Ada tiga poin penting sedang berlangsung di Kabupaten Banyuwangi yang berpotensi membantu kepada masyarakat miskin. Pertama, perekonomian di Kabupaten Banyuwangi yang masih mengandalkan sektor pertanian. Prioritas penanggulangan kemiskinan semestinya selaras dengan peningkatan pembangunan daerah yang memprioritaskan pertanian. Pertumbuhan pertanian tersebut harus berfaedah bagi penduduk miskin terutama di daerah pedesaan.
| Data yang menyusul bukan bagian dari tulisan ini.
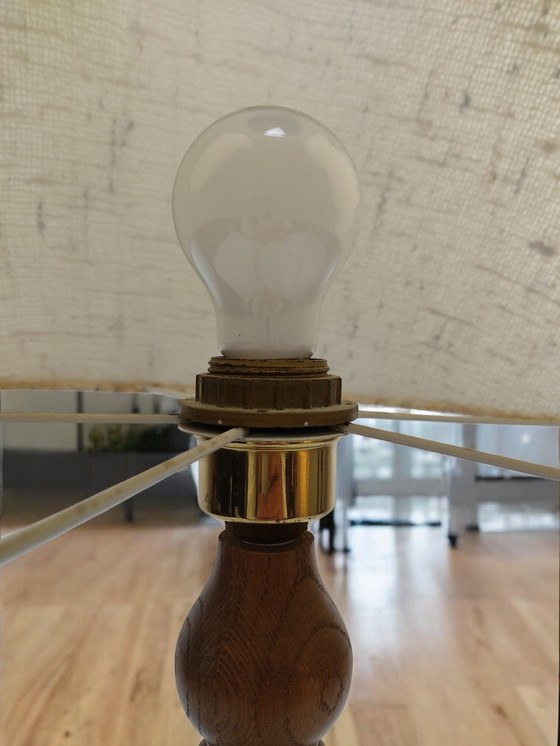 Image 1 of Lampada da tavolo in legno di teak con paralume in tessuto, metà secolo, Danimarca Vintage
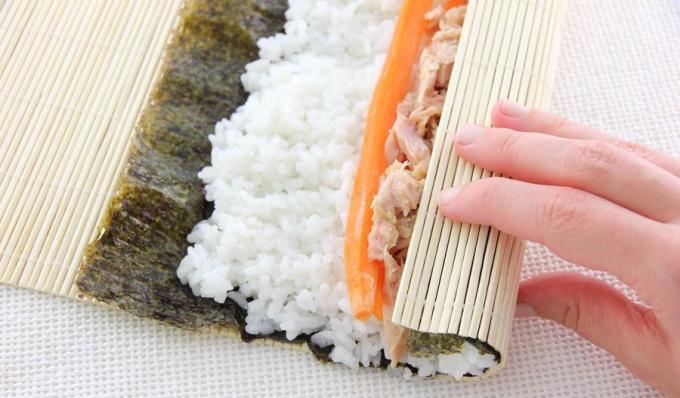 Jak przygotować sushi: hosomaki i Futomaki
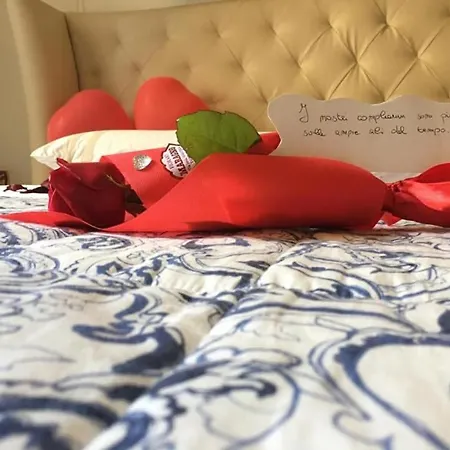 Dimora Di Chiara Suite&rooms Bed & Breakfast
Peningkatan infrastruktur perdesaan, jaringan jalan, peningkatan jembatan merupakan faktor penting dalam meningkatkan pertumbuhan pertanian yang tentunya menjadi bagian untuk meningkatkan kondisi perdesaan dan upaya menekan kemiskinan.Kedua, seiring menguatnya iklim demokrasi, pemerintah daerah sedang berubah dari penyedia sebagian besar layanan masyarakat menjadi pemerintahan yang akan lebih banyak mengandalkan peran besar masyarakat khususnya untuk membuat penyediaan layanan yang bermanfaat bagi penduduk miskin. Peran Pos Kesehatan Desa, Komite Sekolah, dan partisipasi masyarakat lainnya akan diperkuat serta penyediaan insentif yang lebih baik bagi penyedia layanan baik swasta maupun masyarakat. Ketiga, seiring dengan kemajuan yang dicapai Kabupaten Banyuwangi saat ini, nampak bahwa sosial dan ekonomi mengarah kepada peningkatan lebih baik serta lebih kompetitif. Prioritas untuk menjadikan belanja daerah untuk dikonsumsi oleh penduduk miskin secara langsung (seperti BBM dan beras) dapat diarahkan menjadi bantuan pendapatan yang terarah bagi rumah tangga miskin, dan dengan menggunakan ruang gerak untuk memperbaiki penyediaan layanan yang sangat penting seperti peningkatan sarana layanan pendidikan, kesehatan, sarana air bersih dan sanitasi.